Here is the Peach Ice Cream recipe with the same ingredients and basic method as the original. I added more details to the directions to make it a bit more clear by today's standards in recipe writing and left out the information about cracked ice and rock salt....
Peach Ice Cream
(makes about 1 1/2 quarts)
6 egg yolks
2 cups whole milk
1 cup sugar
1/4 teaspoon salt
2 cups heavy cream
1 teaspoon almond extract
2 cups sweetened, crushed peaches (2 cups peaches plus 2-3 tablespoons sugar or more to taste), chilled 4-6 hours
In the top part of a double boiler, beat egg yolks and milk with a wire whisk until well blended. Add sugar and salt. Cook, stirring constantly, over hot, not boiling water until the mixture is thick enough to coat a metal spoon. Let cool for 10 minutes, then add cream and almond extract. Refrigerate 4-6 hours before freezing in an ice cream maker according to manufacturer directions. Add 2 cups sweetened peaches half way through the freezing process. Store ice cream in airtight containers in freezer. Allow to set for 2-3 hours before serving.

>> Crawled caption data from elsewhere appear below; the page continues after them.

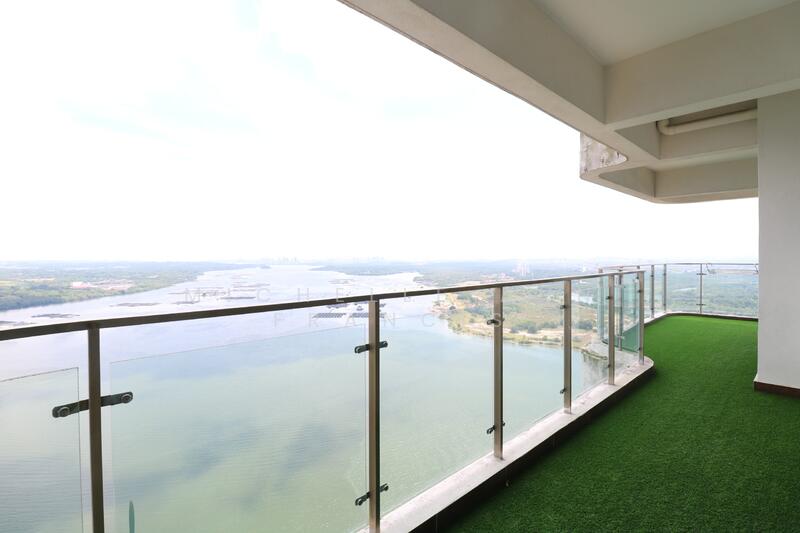 Condominium for Sale at Royal Strand @ Country Garden Danga Bay - Michelle Ann Francis - Balcony - PropertyGuru.com.my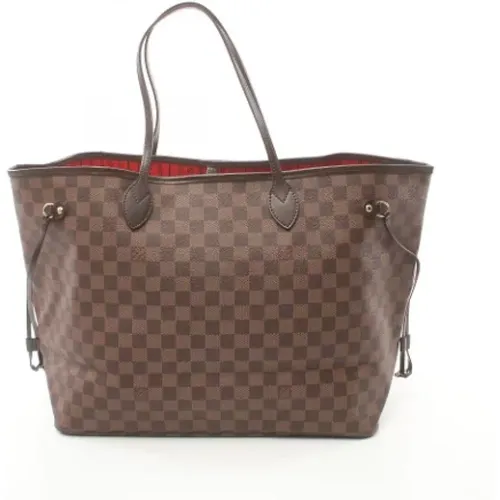 Pre-owned Tote Bags, female, , Size: ONE SIZE Pre-owned Canvas louis-vuitton-bags - Louis Vuitton Vintage - Modalova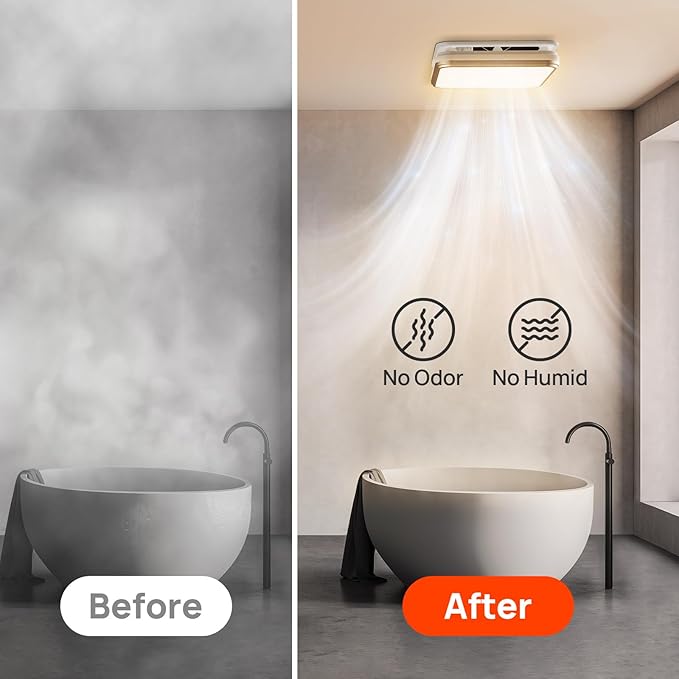 Consciot Bathroom Exhaust Fan - Image 6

This is a super quick ice cream recipe, one that I made to go along with the Peach Ice Cream since Chocolate Chip is my mother's ultimate favorite. It was deemed a success and a lot easier to pull off, if you have less time and patience.
Chocolate Chip Ice Cream
(makes 1 1/2 quarts)
1 cup sugar
1 cup whole milk
2 cups heavy cream
1 teaspoon vanilla
6 oz. mini semi-sweet morsels
In a bowl, whisk together the milk and sugar until the sugar is dissolved. Stir in the heavy cream and vanilla and whisk to combine well.
Turn on ice cream maker and pour the mixture in, following the manufacturer directions. Churn ice cream for about 25-30 minutes until frozen. During the last five minutes, add the mini morsels and allow the paddle to incorporate them into the ice cream. Scoop out ice cream into air tight containers and store in freezer. Allow ice cream to firm up for 1-2 hours before serving.